_STUDY MATERIAL_
-----
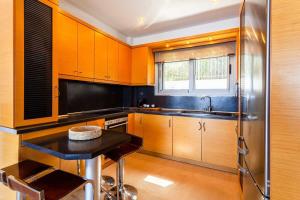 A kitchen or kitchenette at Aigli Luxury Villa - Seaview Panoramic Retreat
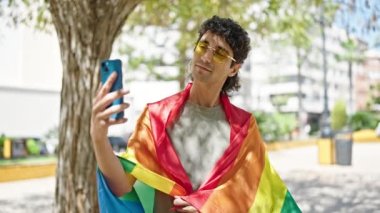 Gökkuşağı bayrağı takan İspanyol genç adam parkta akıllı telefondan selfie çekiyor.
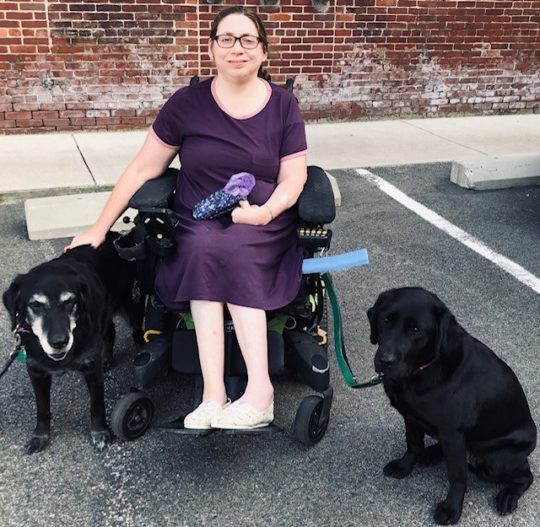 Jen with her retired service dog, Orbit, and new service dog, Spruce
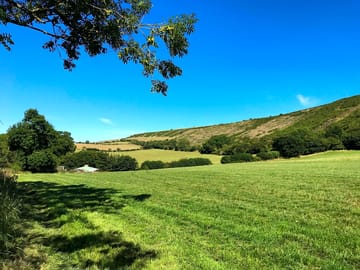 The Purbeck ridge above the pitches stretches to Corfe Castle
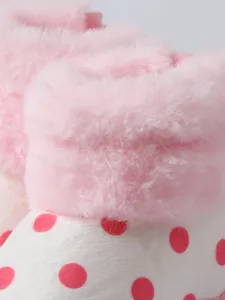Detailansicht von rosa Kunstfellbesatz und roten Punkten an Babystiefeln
-----
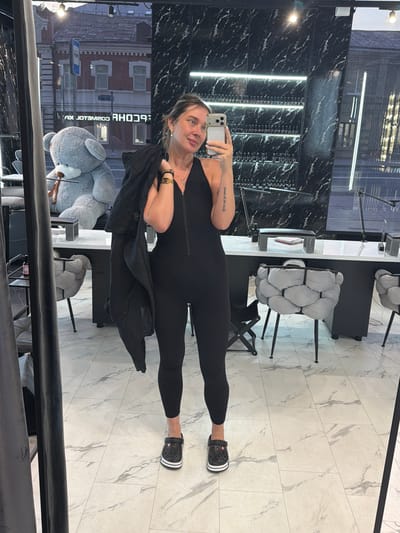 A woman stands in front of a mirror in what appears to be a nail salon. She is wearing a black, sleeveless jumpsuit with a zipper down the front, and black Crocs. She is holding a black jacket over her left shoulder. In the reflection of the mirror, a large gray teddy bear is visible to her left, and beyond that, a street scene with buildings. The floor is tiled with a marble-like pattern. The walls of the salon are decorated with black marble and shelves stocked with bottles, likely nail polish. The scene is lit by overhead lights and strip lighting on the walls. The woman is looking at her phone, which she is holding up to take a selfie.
-----
_WHAT TO WORK ON_
Write out exactly the lines above between the one with "A kitchen or" and the one with "Detailansicht von rosa", inclusive, with pictures left out.

_SOLUTION TO THIS EXERCISE_
 A kitchen or kitchenette at Aigli Luxury Villa - Seaview Panoramic Retreat
 Gökkuşağı bayrağı takan İspanyol genç adam parkta akıllı telefondan selfie çekiyor.
 Jen with her retired service dog, Orbit, and new service dog, Spruce
 The Purbeck ridge above the pitches stretches to Corfe Castle
Detailansicht von rosa Kunstfellbesatz und roten Punkten an Babystiefeln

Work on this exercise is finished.